A bittersweet memory play, we’re hosted by narrator Michael (Enda Reilly), who was raised by his single mother, spirited, irreverent Christina (Lauren McGinty) and her four sisters. Their parents dead, the eldest resident sibling and local school teacher, the prim and proper Kate (Erin Jones) is the de facto matriarch; family clown Maggie (Rebecca De La Cour) looks after the small family farm; and the quiet Agnes (Donna O’Regan) and simple-minded Rose (Áine Donnelly) earn money by knitting gloves.
The return of their brother Father Jack (Ian McGarrett), sent home from his mission in Uganda by his superiors, both causes and coincides with significant changes in their lives and position in their home village of Ballybeg—especially lending truth to the rumour that Jack was dismissed for “going native” and adapting, in the eyes of the Catholic Church, a too familiar and accepting attitude of local custom and ritual. Industrialization is catching up with rural Ireland, and factory-made goods are putting handwork at risk. Ongoing, if not sporadic, visits from Michael’s father Gerry (Sean Gilheany), a Welsh wanderer turned gramophone salesman, give the family—especially Christina and Michael—rare and welcome glimpses of the possibility of hope for something better; and a brief respite from the dullness of their workaday lives and the stresses of making ends meet during the Depression.
The family’s individual and collective history is both merry and melancholy; and lives are forever changed by forces largely beyond their control. And while Michael acknowledges the hard times of struggle, sacrifice and loss, he takes heart from the good times the family shared together—the love, laughter and dancing around the Marconi wireless. The rhythms of life, love and changing times.
Lovely work from the cast in creating this intimate family story. Reilly’s Michael makes for an affable and animated host; and he’s especially adept at conjuring the wide-eyed, precocious and imaginative child Michael. De La Cour is a treat as the feisty jokester Maggie; using humour to cheer and diffuse tension, her glass-half-full perspective is also crucial to her own survival. O’Regan and Donnelly have a beautiful rapport as the BFF sisters, the unassuming, protective Agnes and the child-like, naive Rose, who both come to show there’s more than meets the eye when it comes to notions of romance. McGinty gives a well-rounded performance as the conflicted young mother Christina; the family beauty, and raising the love child of a man she hardly ever sees, Christina’s youth has been interrupted by the more pragmatic concerns of a single mother—and in a time and place that frowned upon women like her. In classic Irish matriarch fashion, Jones’s Kate says as much with a look or gesture as she does with a word; having missed on romance herself, Kate’s stern disposition also a masks a broken heart.

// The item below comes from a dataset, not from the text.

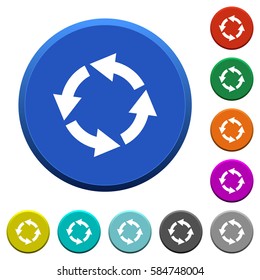 Rotate left round color beveled buttons with smooth surfaces and flat white icons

McGarrett gives a poignant performance as the sisters’ brother Father Jack; once the golden boy of the family and the village, Jack has returned, frail and barely recognizable, and hardly knowing his own hometown. And Gilheany gives a charming turn as Gerry; a man of the road who loves to love, Gerry means well, but has trouble with the follow-up.
With shouts to the design team for their evocative work in transporting us to this nostalgic Depression-era world of memory and family in rural Donegal, Ireland: Chandos Ross (set), Livia Pravato (costumes), Karlos Griffith (lighting) and Dan Schaumann (sound).